PUDL Infrastructure Roadmap for 2021

A couple of weeks ago I attended TWEEDS 2020 virtually (like everything this year) and talked about Catalyst’s ongoing Public Utility Data Liberation (PUDL) project, and especially the challenges of getting a big pile of data into the hands of different kinds of users, using different tools for different purposes. It ended up sketching out a bit of a PUDL infrastructure roadmap for the next year, and so we thought it would be a good idea to write it up here too.

We’ll have a separate post looking at our 2021 data roadmap.

The US Energy Information Asymmetry

PUDL is all about addressing a big information asymmetry in the regulatory and legislative processes that affect the US energy system.
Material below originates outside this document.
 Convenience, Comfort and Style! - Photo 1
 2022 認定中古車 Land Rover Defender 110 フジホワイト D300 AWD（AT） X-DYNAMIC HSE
Utilities have much more information about their own systems than policymakers and advocates typically do. As a result, regulators often defer to the utilities on technical & analytical points. Commercial data exists, but it’s expensive. We want to get enough data into the hands of other kinds of stakeholders that they can make credible quantitative arguments to regulators, and challenge unfounded assertions put forward by utilities.